Шрифт:
Закладка:
Предварительны, к счастью, и отрицательные результаты: как например, упомянутые выше результаты психотехнических исследований в Ленинграде. Впрочем, такими ошеломляющими они выглядят лишь на первый взгляд. Ведь они служат доказательством не безнадежной глупости кандидатов на поступление в вузы, а только их ограниченности. Молодой человек, который не смог составить простое предложение, возможно, сможет вести собрание, сделать кассовый отчет, пересказать или даже написать одну из обычных для сегодняшнего дня газетных статей – ведь все составные части газетной статьи, речи, доклада уже имеются, отточенные и выверенные: фразы, мировоззрение, аргументы лежат, как в консервных банках, не нужно ничего ни готовить, ни подготавливать. Молодой человек, конечно же, знает, кто такой эксплуататор и кто такой эксплуатируемый, что такое обобществление и политическая реакция, «буржуазная идеология» и забастовка шахтеров в Англии. Вот только не может составить предложение, потому что в нем не развивали умение комбинировать. Его основательно отучили от естественной склонности человеческого разума соединять связанные друг с другом вещи и исключать чуждое. Его кормили устойчивыми, выкованными на века мысленными и словесными комплексами и избавляли от плодотворных усилий по самостоятельному синтезу и анализу. Далее, из страха перед «филологией», которая в России подозревается в буржуазности, его увели от языка, от слова, от логики грамматики к более простой логике «дел» и машин, к более жесткой структуре механизмов и форм человеческого общества. Мстит не филологическое невежество, а искусственное, хотя и не намеренное отчуждение от языка, в законах которого заключена первичная, основополагающая, фундаментальная логика человеческого разума. Из-за страха перед «гуманизмом» ученик лишен всякой «гуманности» в умственном (не этическом) смысле, лишен естественных гуманитарных дарований. Его воспитали как «члена общества» и «специалиста», как верующего оптимиста и фанатика «действительности» и способа ее выражения – статистики.

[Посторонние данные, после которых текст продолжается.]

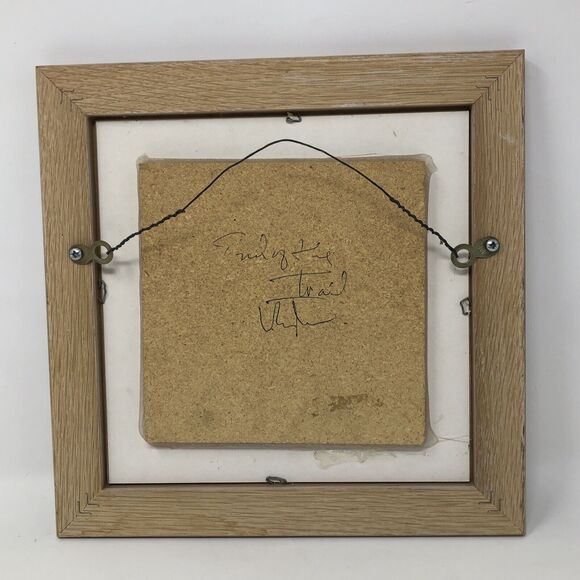 Navajo Sand Painting Horse “End Of The Trail” 90s Framed & Signed VTG Wall Art - Picture 7 of 9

Невероятно, но когда слушатель университета говорит мне о «коммуникации», он вдруг останавливается, сомневается, раздумывает и внезапно спрашивает с решимостью: «Вы знаете, что это такое – „коммуникация“»? – он, бедняга, думает, что «коммуникация» – одно из многочисленных новых русских слов.
Не хочется переоценивать значение случайно подслушанных признаний. И я вовсе не считаю результаты ленинградских психотехнических исследований типичными. Они лишь разъясняют существующее в данный момент положение вещей. Они лишь объясняют, почему пока что новые методы в Советской России не оправдывают надежд. Состояние не хроническое, но требующее безотлагательных решений. Теоретически возможно, что и в России системы обучения добьются лучших успехов и обеспечат более совершенное образование.
Финал
(Перевод Ирины Алексеевой)
Молодой русский – это «комсомолец»: ему приходится не только маршировать, барабанить, организовывать, возглавлять – он должен наполнять себя «идеологией», быть «гражданином», заседать в «комиссиях» и решать, что делать на следующей неделе, созывать собрания, где «утверждаются резолюции» – «против» или «за» какого-то учителя, книгу, театральную постановку, он должен написать «заметку» в газету, «взять шефство» над деревней, фабрикой, бездомными детьми. Никто и не подозревает, как сложно быть гражданином. Надо идти на фабрики, чтобы изучать там «жизнь», ведь жизнь – это «вечное движение», а интенсивность жизни измеряется количеством «дымящих труб».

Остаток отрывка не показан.